## Task statement
The lines below, beginning at the one that contains "this 640×480 image." and ending at the last, are to be retyped exactly.

--- START ---

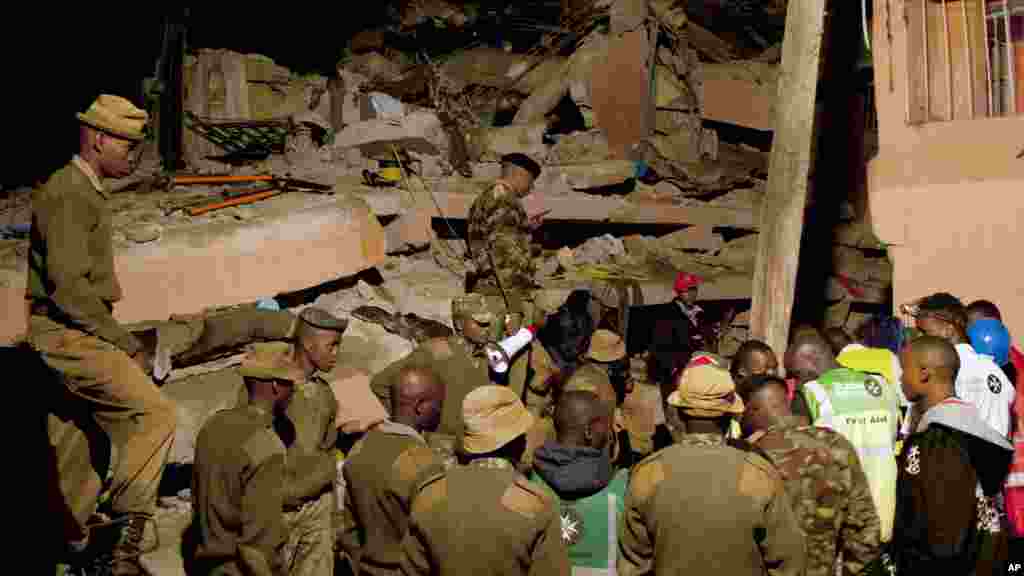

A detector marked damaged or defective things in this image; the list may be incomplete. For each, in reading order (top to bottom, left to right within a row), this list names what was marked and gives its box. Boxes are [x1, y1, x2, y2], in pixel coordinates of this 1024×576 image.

broken concrete slab [334, 109, 450, 155]
broken concrete slab [464, 122, 548, 163]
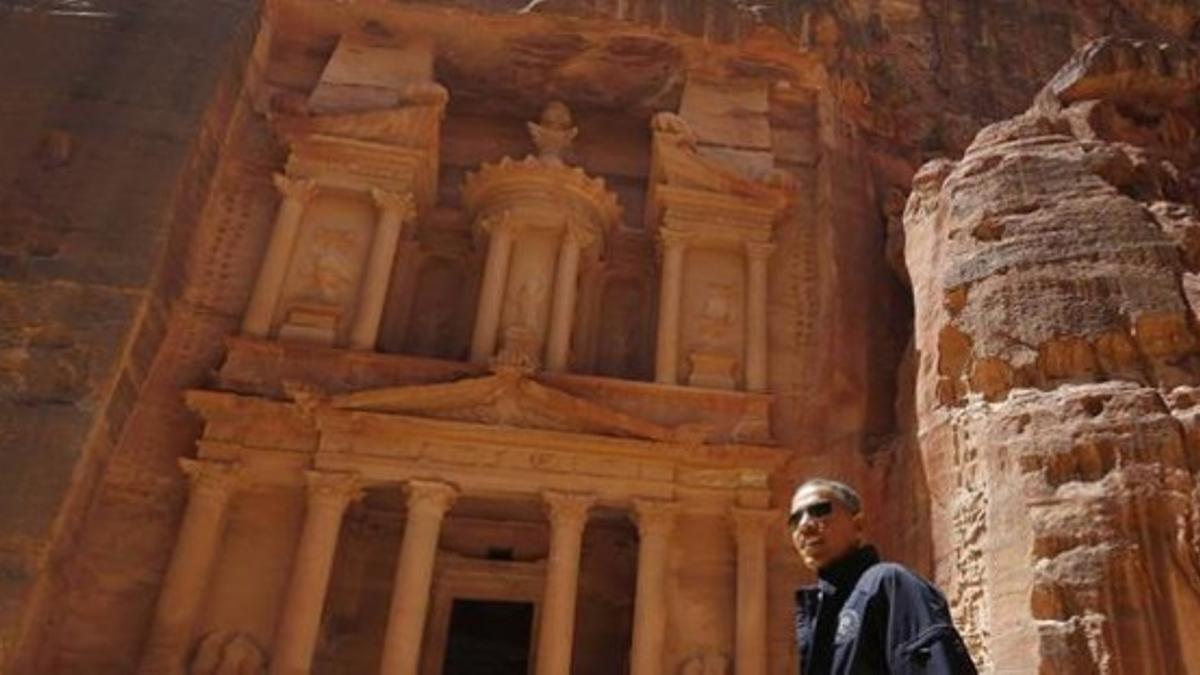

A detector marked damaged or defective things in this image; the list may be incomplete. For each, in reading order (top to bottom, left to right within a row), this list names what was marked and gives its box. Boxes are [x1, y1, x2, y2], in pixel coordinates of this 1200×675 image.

broken pediment [324, 365, 705, 444]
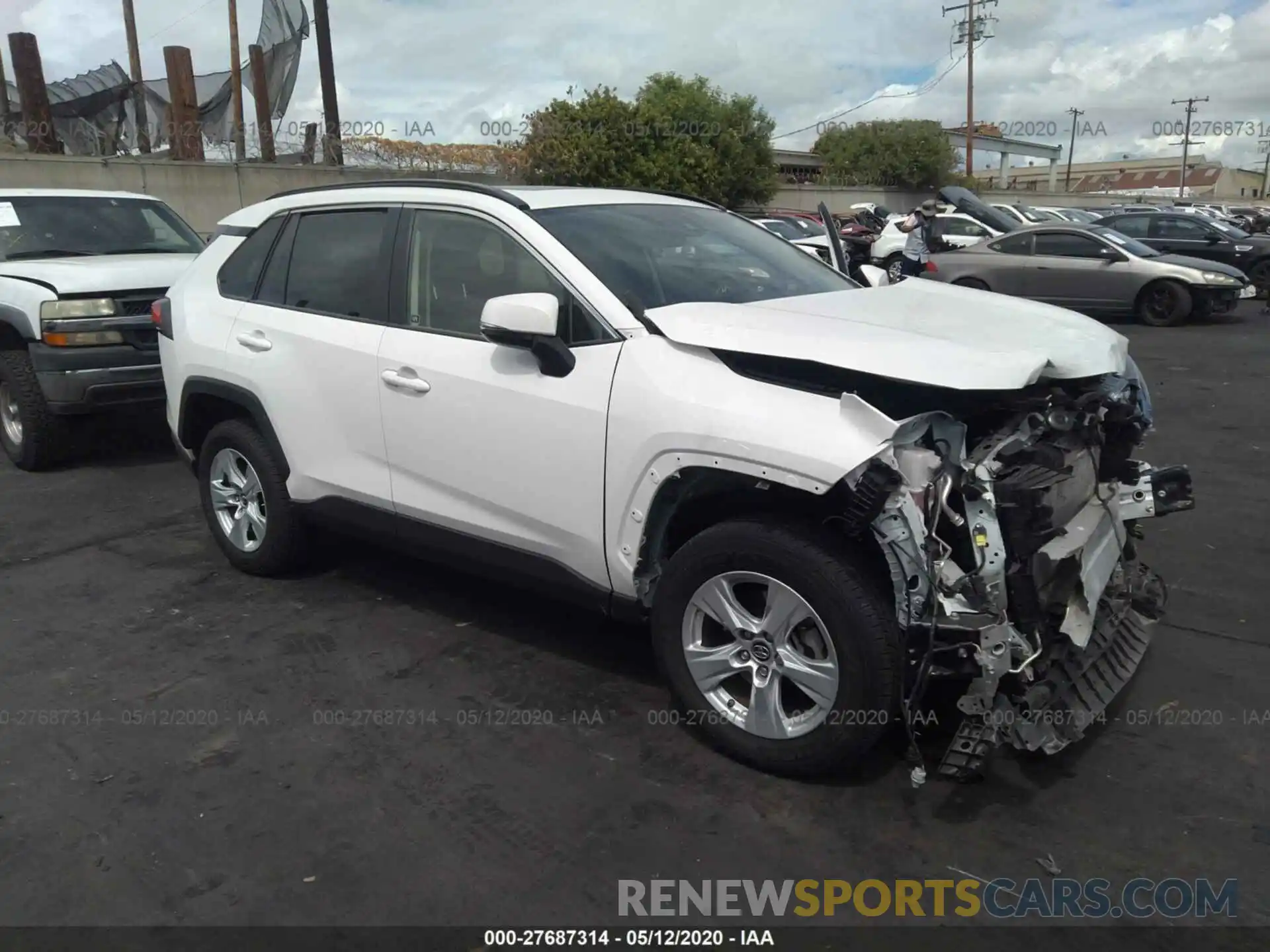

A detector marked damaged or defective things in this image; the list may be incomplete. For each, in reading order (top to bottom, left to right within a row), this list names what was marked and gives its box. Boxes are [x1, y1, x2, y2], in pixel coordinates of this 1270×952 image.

crushed headlight assembly [40, 298, 117, 321]
bent hood [0, 254, 195, 294]
bent hood [650, 279, 1127, 391]
crushed headlight assembly [1199, 270, 1239, 286]
white damaged suv [156, 180, 1189, 781]
crumpled front end [838, 360, 1193, 777]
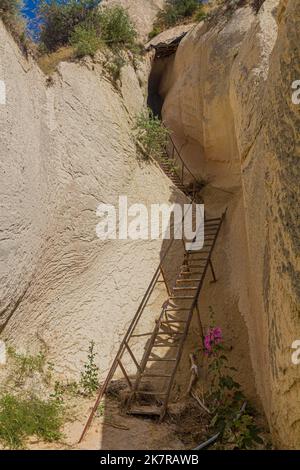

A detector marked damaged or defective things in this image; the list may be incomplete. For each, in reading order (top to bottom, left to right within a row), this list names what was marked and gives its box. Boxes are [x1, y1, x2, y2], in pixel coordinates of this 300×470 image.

rusty metal ladder [78, 207, 226, 442]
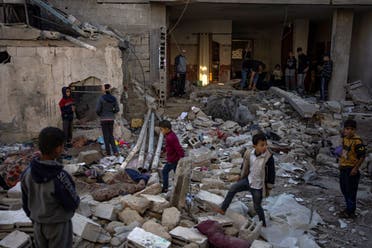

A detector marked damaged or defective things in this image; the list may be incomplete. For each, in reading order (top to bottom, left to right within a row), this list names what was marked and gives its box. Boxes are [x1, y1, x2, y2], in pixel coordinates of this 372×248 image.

cracked concrete column [330, 8, 354, 101]
broken concrete slab [268, 87, 318, 118]
broken concrete slab [77, 149, 102, 165]
broken concrete slab [0, 230, 31, 247]
broken concrete slab [71, 213, 101, 242]
broken concrete slab [92, 203, 116, 221]
broken concrete slab [118, 207, 145, 225]
broken concrete slab [122, 195, 151, 214]
broken concrete slab [126, 228, 170, 247]
broken concrete slab [142, 219, 171, 240]
broken concrete slab [162, 206, 181, 230]
broken concrete slab [169, 227, 208, 248]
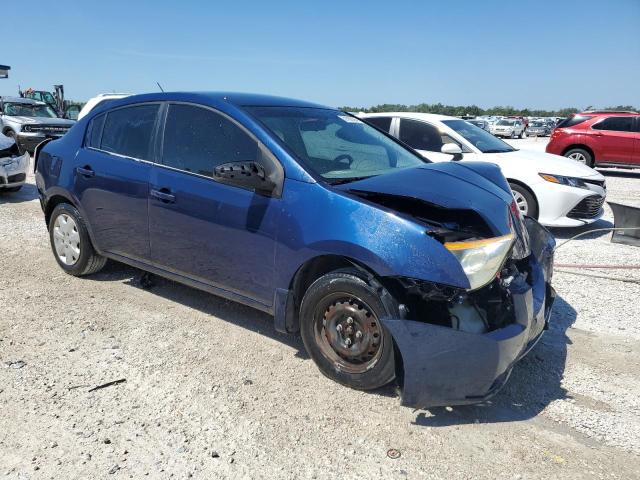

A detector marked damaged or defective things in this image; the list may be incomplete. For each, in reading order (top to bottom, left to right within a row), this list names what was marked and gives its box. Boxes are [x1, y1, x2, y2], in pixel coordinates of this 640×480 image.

detached front bumper [0, 153, 29, 188]
crumpled hood [338, 161, 516, 236]
crumpled hood [490, 149, 604, 179]
damaged blue car [35, 93, 556, 408]
broken headlight [444, 234, 516, 290]
detached front bumper [384, 218, 556, 408]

--- END ---

## Solution to this task
A detector marked damaged or defective things in this image; the list may be incomplete. For each, in reading order (top to bottom, left to right within a row), this list names what was marked and gives its box. Boxes are [x1, y1, x2, y2], in pixel coordinates of this 640×480 image.

detached front bumper [0, 153, 29, 188]
crumpled hood [338, 161, 516, 236]
crumpled hood [490, 149, 604, 179]
damaged blue car [35, 93, 556, 408]
broken headlight [444, 234, 516, 290]
detached front bumper [384, 218, 556, 408]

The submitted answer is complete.